Problem statement: With the pictures left out, write every entry down exactly.

**** Listed entries

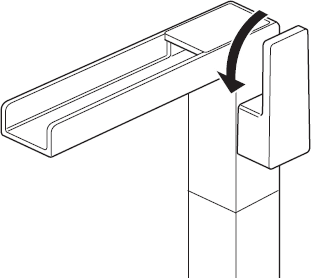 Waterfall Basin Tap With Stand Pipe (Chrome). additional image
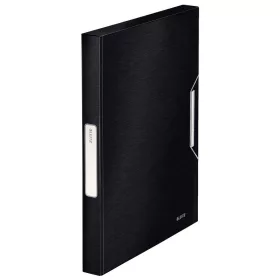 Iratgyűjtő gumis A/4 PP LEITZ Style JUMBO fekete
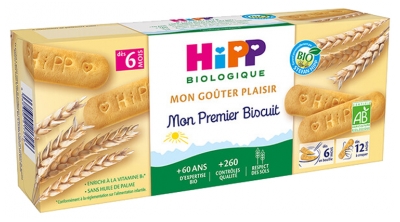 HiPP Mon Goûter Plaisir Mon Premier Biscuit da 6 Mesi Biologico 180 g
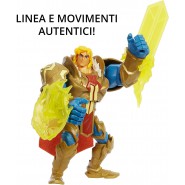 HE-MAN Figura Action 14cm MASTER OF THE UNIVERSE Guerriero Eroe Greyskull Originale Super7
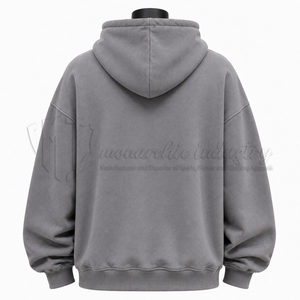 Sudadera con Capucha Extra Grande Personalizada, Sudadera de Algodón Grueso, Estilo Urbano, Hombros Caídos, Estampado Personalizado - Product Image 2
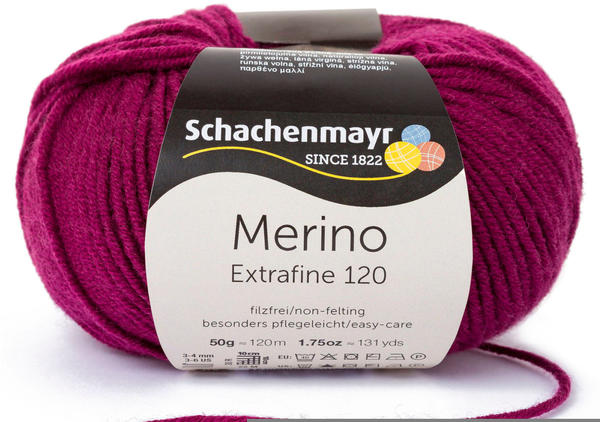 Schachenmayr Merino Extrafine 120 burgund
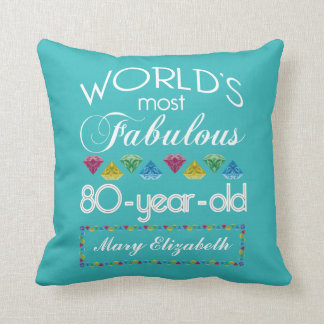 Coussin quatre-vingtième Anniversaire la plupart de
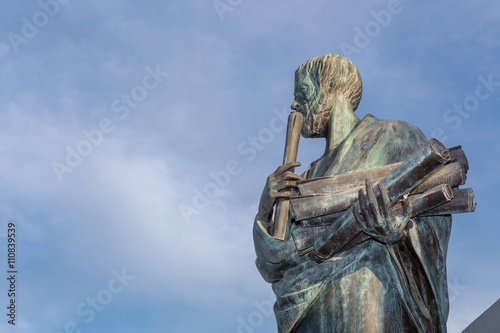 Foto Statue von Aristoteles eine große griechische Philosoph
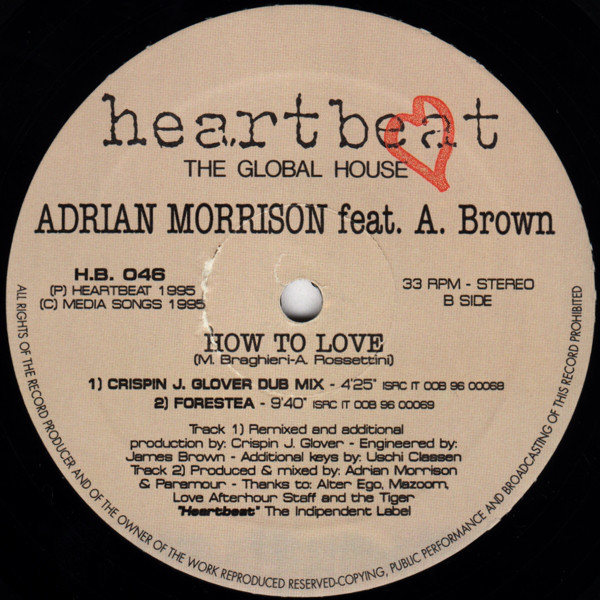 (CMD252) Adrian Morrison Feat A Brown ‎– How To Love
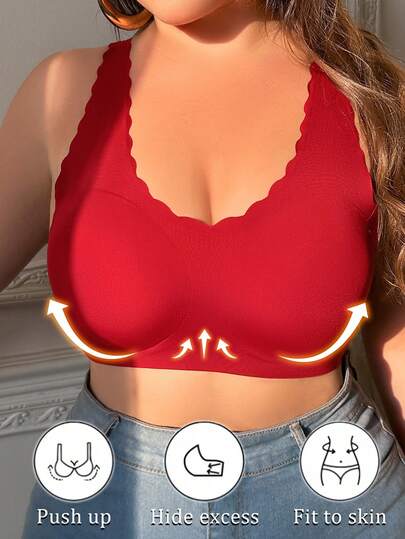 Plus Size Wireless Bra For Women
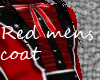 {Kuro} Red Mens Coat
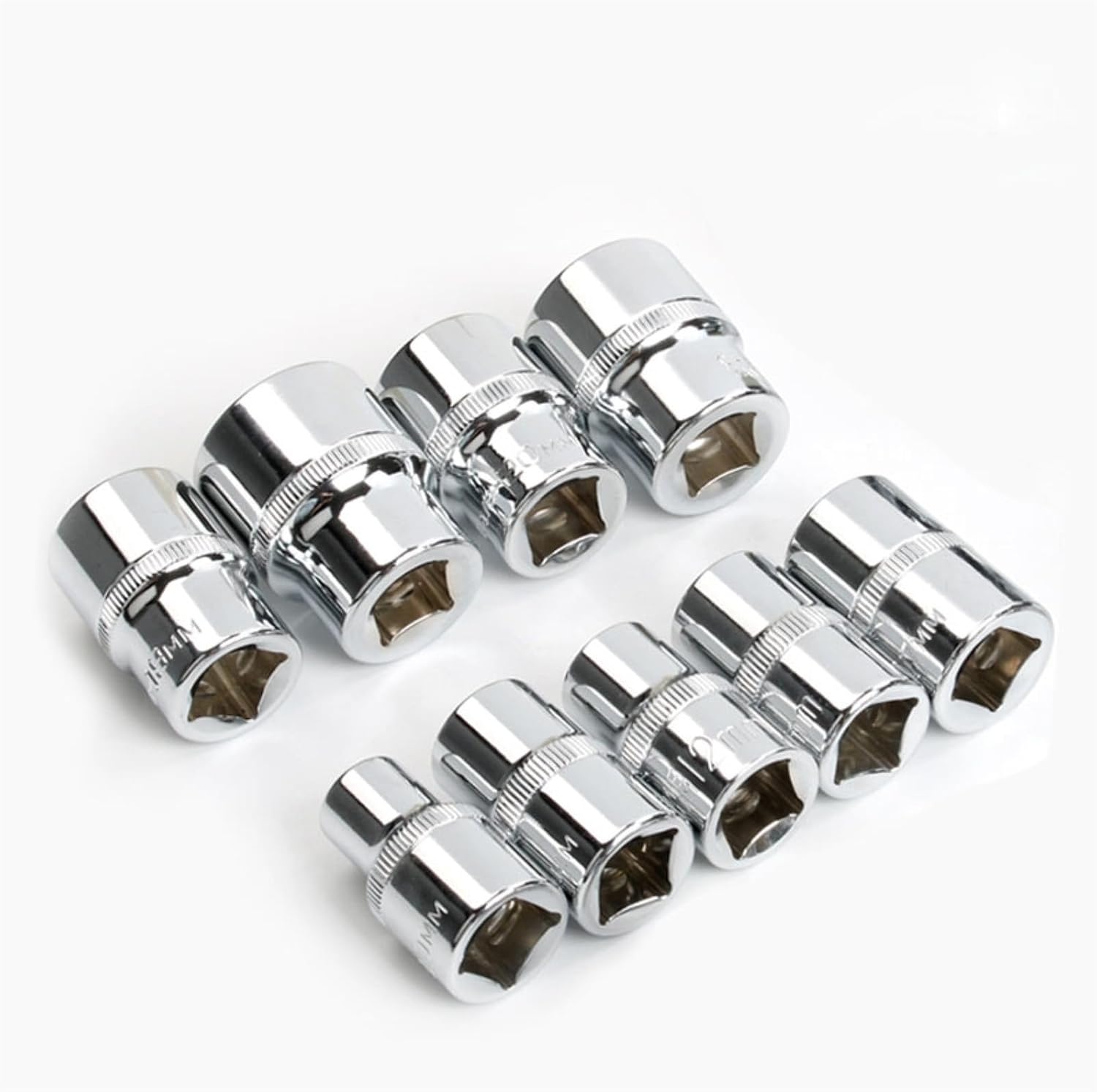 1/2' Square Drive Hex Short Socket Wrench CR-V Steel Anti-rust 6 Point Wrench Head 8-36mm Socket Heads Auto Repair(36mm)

********

Exercise output:
 Waterfall Basin Tap With Stand Pipe (Chrome). additional image
 Iratgyűjtő gumis A/4 PP LEITZ Style JUMBO fekete
 HiPP Mon Goûter Plaisir Mon Premier Biscuit da 6 Mesi Biologico 180 g
 HE-MAN Figura Action 14cm MASTER OF THE UNIVERSE Guerriero Eroe Greyskull Originale Super7
 Sudadera con Capucha Extra Grande Personalizada, Sudadera de Algodón Grueso, Estilo Urbano, Hombros Caídos, Estampado Personalizado - Product Image 2
 Schachenmayr Merino Extrafine 120 burgund
 Coussin quatre-vingtième Anniversaire la plupart de
 Foto Statue von Aristoteles eine große griechische Philosoph
 (CMD252) Adrian Morrison Feat A Brown ‎– How To Love
 Plus Size Wireless Bra For Women
 {Kuro} Red Mens Coat
 1/2' Square Drive Hex Short Socket Wrench CR-V Steel Anti-rust 6 Point Wrench Head 8-36mm Socket Heads Auto Repair(36mm)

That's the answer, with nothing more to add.